(Collected data)

##############################

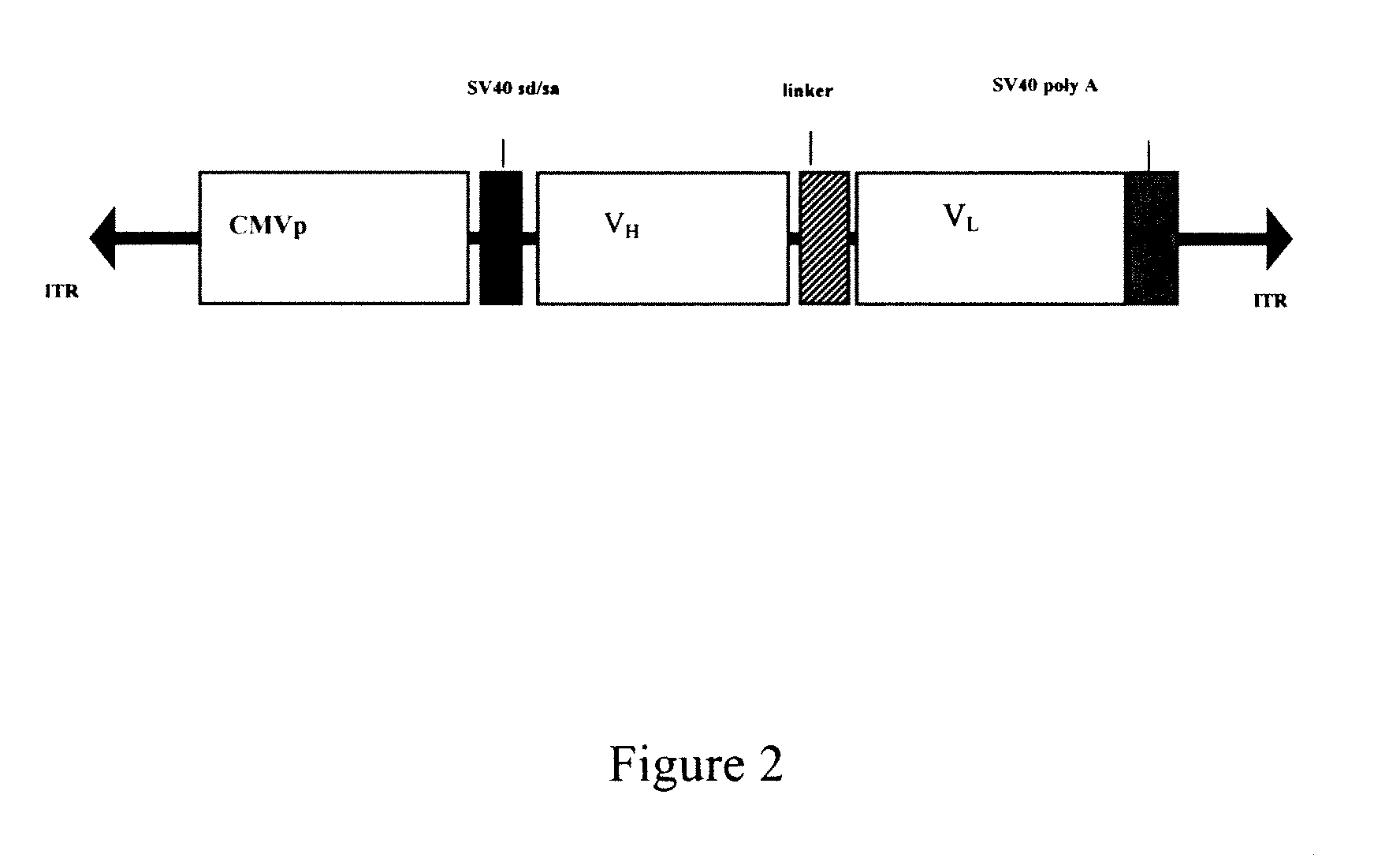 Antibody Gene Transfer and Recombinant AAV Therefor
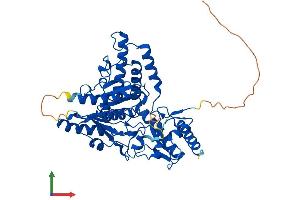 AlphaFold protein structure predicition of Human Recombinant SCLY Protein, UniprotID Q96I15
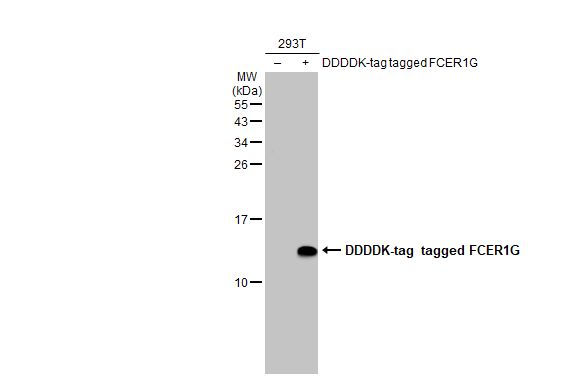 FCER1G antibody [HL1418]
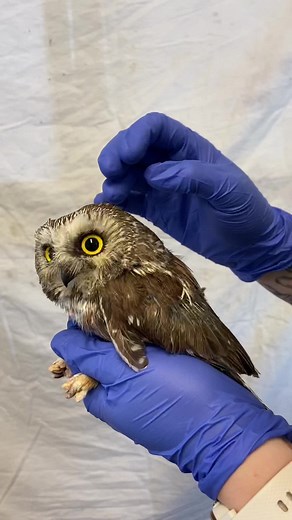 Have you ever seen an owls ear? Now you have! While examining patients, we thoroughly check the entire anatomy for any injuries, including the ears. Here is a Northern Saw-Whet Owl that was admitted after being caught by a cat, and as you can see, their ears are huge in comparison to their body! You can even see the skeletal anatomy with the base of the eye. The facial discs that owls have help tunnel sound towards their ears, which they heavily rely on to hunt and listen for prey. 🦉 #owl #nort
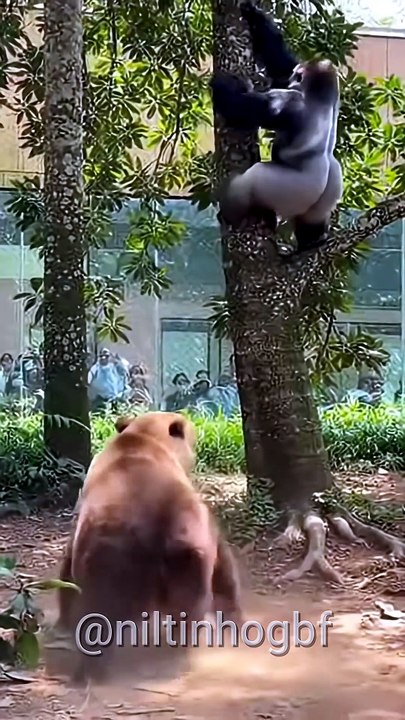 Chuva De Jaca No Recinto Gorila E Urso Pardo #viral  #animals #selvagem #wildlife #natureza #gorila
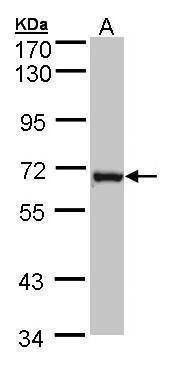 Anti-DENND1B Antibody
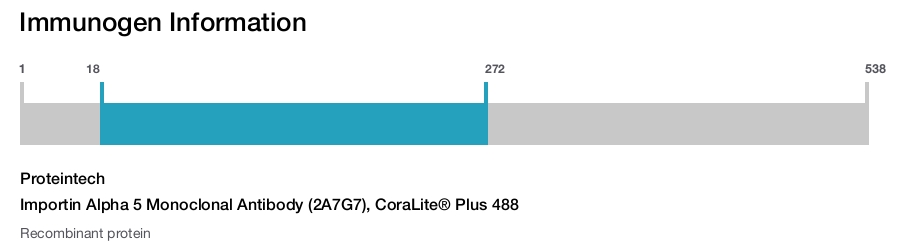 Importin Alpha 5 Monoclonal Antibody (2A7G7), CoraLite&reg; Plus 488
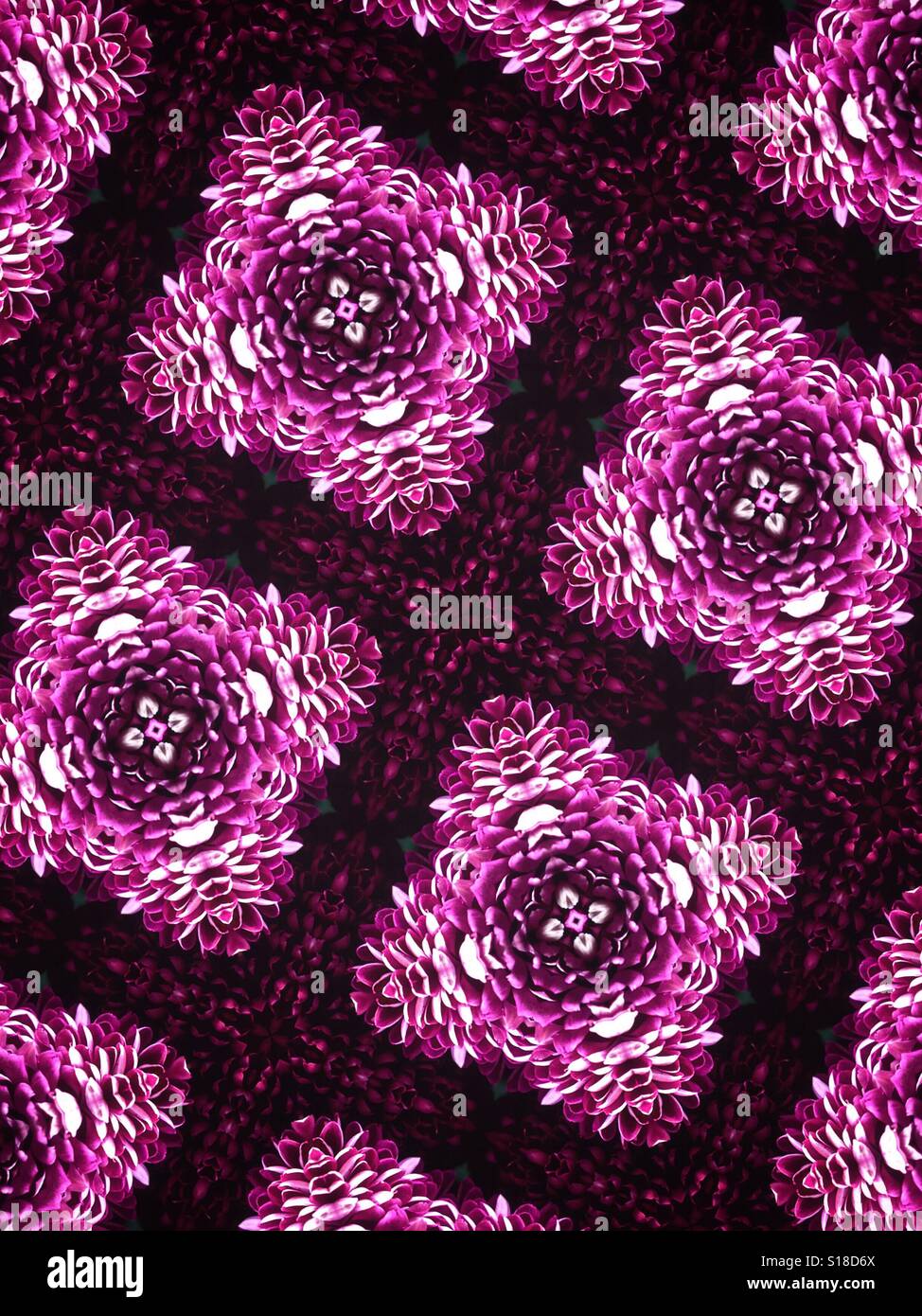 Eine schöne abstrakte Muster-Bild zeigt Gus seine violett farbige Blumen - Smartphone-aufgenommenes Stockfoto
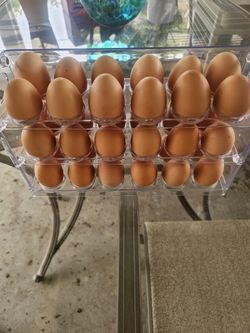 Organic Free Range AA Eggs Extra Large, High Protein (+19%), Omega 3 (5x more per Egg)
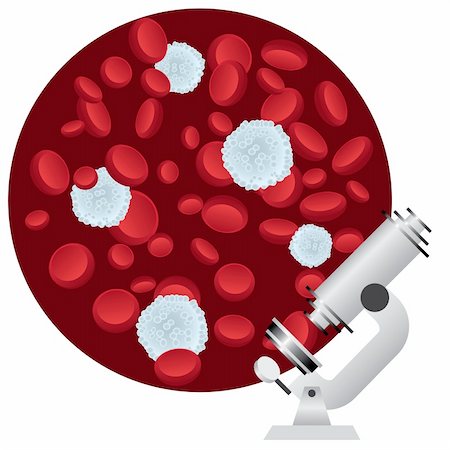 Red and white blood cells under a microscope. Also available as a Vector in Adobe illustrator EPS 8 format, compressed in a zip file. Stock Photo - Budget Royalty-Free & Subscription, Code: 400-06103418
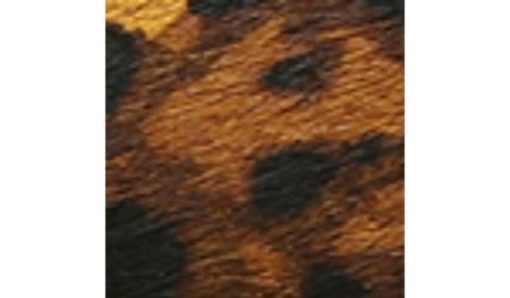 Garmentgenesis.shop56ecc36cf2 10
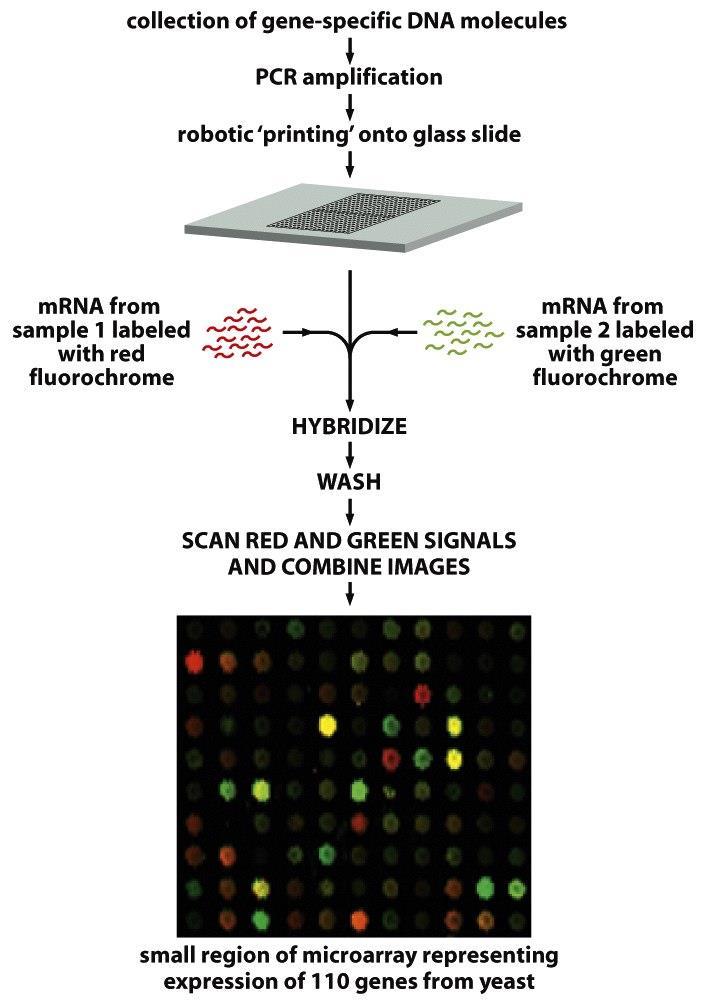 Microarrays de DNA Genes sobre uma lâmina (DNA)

##############################

• _What is expected_: Write the entries out again exactly as they appear, with the pictures omitted.

• _Exercise answer_:
 Antibody Gene Transfer and Recombinant AAV Therefor
 AlphaFold protein structure predicition of Human Recombinant SCLY Protein, UniprotID Q96I15
 FCER1G antibody [HL1418]
 Have you ever seen an owls ear? Now you have! While examining patients, we thoroughly check the entire anatomy for any injuries, including the ears. Here is a Northern Saw-Whet Owl that was admitted after being caught by a cat, and as you can see, their ears are huge in comparison to their body! You can even see the skeletal anatomy with the base of the eye. The facial discs that owls have help tunnel sound towards their ears, which they heavily rely on to hunt and listen for prey. 🦉 #owl #nort
 Chuva De Jaca No Recinto Gorila E Urso Pardo #viral  #animals #selvagem #wildlife #natureza #gorila
 Anti-DENND1B Antibody
 Importin Alpha 5 Monoclonal Antibody (2A7G7), CoraLite&reg; Plus 488
 Eine schöne abstrakte Muster-Bild zeigt Gus seine violett farbige Blumen - Smartphone-aufgenommenes Stockfoto
 Organic Free Range AA Eggs Extra Large, High Protein (+19%), Omega 3 (5x more per Egg)
 Red and white blood cells under a microscope. Also available as a Vector in Adobe illustrator EPS 8 format, compressed in a zip file. Stock Photo - Budget Royalty-Free & Subscription, Code: 400-06103418
 Garmentgenesis.shop56ecc36cf2 10
 Microarrays de DNA Genes sobre uma lâmina (DNA)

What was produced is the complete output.